October 22nd, 2009

The Manipulative Media Narrative

In August, President Obama made an appearance in Arizona to headline a rally for supporters of his Obamacare plan. Unsurprisingly, protesters swarmed the area with homemade signs to make known their outrage. Among the group was an individual carrying an AR-15 rifle slung over his shoulder, and a pistol holstered at his hip. MSNBC ran footage of this man later in the day, with one commentator expressing concern about the racial overtones evidenced by a white man bringing a gun to an appearance by the first black president.

However, this story was completely inaccurate. Not only was it factually incorrect, but the implications of MSNBC’s error sparked a conversation on a subject that otherwise would not have been a concern at all, and could have easily served as the basis for much more heated controversy regarding this element of armed racists parading around in close proximity to Obama, had the truth not come out soon afterward. The error?

The armed man was black.

(MSNBC had deceitfully edited the video so as to exclude any portions that showed the man’s bare skin.)

In a masterful video commentary produced shortly after this event, Pajamas Media writer Bill Whittle exposed the deceptive background behind MSNBC’s careful editing. His main point: an armed black man protesting against a black president did not fit a pre-conceived narrative the media outlet desired to convey.

Several books, such as Bias, have been written by insiders documenting instance after instance of this manipulation Whittle describes. The charge of engineering facts to fit an agenda is not a new accusation being made against this industry—far from it. But this instance serves as one of the latest of countless examples where an intentionally misleading story is put forward to attempt to have the public buy into the pre-approved narrative.

Another recent example has sparked a firestorm of articles and blog posts from local news reporters and commentators. Last week, Elder Dallin H. Oaks of The Church of Jesus Christ of Latter-day Saints gave a powerful discourse on the subject of freedom of religion, counseling students at BYU-Idaho (and the world at large) that the battle rages on and that their participation is needed to preserve our freedoms.

Just about every media outlet, except those owned by the Church itself, chose to regurgitate the Associated Press article written in preparation for the very minute at which the agreed-upon news embargo was lifted (when Elder Oaks’ devotional concluded), when they could pounce with their coverage of the talk. (It should be noted that this article contains an inaccurate statement; it claims that blacks were denied “full church membership” until 1978, when that was not the case at all. Access to the priesthood and the temple do not constitute full church membership. To claim otherwise is to suggest that women and children are not “full members”. But I digress…)

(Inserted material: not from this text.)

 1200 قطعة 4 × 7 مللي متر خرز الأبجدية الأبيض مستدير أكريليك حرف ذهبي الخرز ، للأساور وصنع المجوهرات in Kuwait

In succeeding days, most of these media outlets inflated the already-artificial reaction to a statement by Elder Oaks who, when referring to the tactics of intimidation used by proponents of proposition 8 and gay marriage to silence their Mormon political opponents, said:

These incidents were expressions of outrage against those who disagreed with the gay-rights position and had prevailed in a public contest. As such, these incidents of “violence and intimidation” are not so much anti-religious as anti-democratic. In their effect they are like the well-known and widely condemned voter-intimidation of blacks in the South that produced corrective federal civil-rights legislation. (emphasis added)

Comments were sought—and all too readily obtained—from gay rights groups, disaffected members of the Church, black civil rights leaders, and other interested parties, regarding the comparison Elder Oaks made between persecuted Mormons and persecuted Southern blacks several decades ago.

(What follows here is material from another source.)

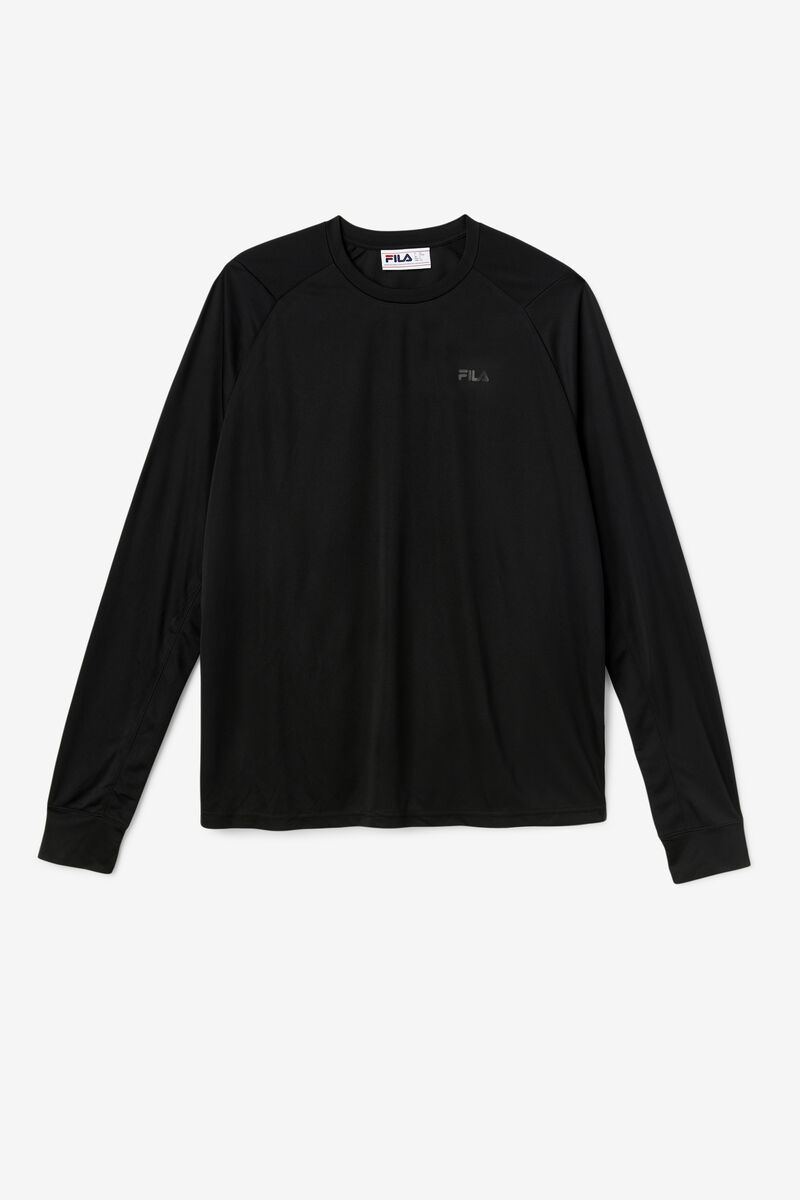 Men's Fila Jazam Long Sleeve Crew T Shirts Black | D7DONwZyzgf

The only problem is that, like MSNBC’s manipulation of the facts to support their narrative, these news agencies have published reports of and encouraged conversation regarding a comparison that was never made (examples: 1, 2, 3, 4, 5), with the widely-circulated Associated Press article leading the way with its misleading opening paragraph.

Reading the above quote again, you’ll see the words “in their effect” prominently highlighted to help indicate what Elder Oaks really said—not what his opponents are saying that he said. Taken in its true context, Elder Oaks was making a simple comparison between the end results of the persecution of both parties, namely, that both parties felt less safe and had less desire to exercise their political and civil freedoms. There was no comparison made anywhere regarding the extent of the persecution, nor the similarities of each group’s persecution, nor anything other than the fact that the effects on both parties were similar—not the same. Yet, the AP article and other content produced by the various news outlets (yes, it seems that some of them still actually write their own content—shocking, I know!) ignores this and perpetuates the myth regarding a comparison that was never used.

To be fair, the Church’s press release may have influenced some of the wording used by news agencies. It says that “…Elder Oaks likened the incidents of outrage against those who prevailed in establishing marriage between a man and a woman to the ‘widely condemned voter-intimidation of blacks in the South.'”. However, it is not naive or unrealistic to assume that good (and honest) journalists would seek context to this explanation and deeper analysis before simply fanning the flames of controversy without any substance to support the furor.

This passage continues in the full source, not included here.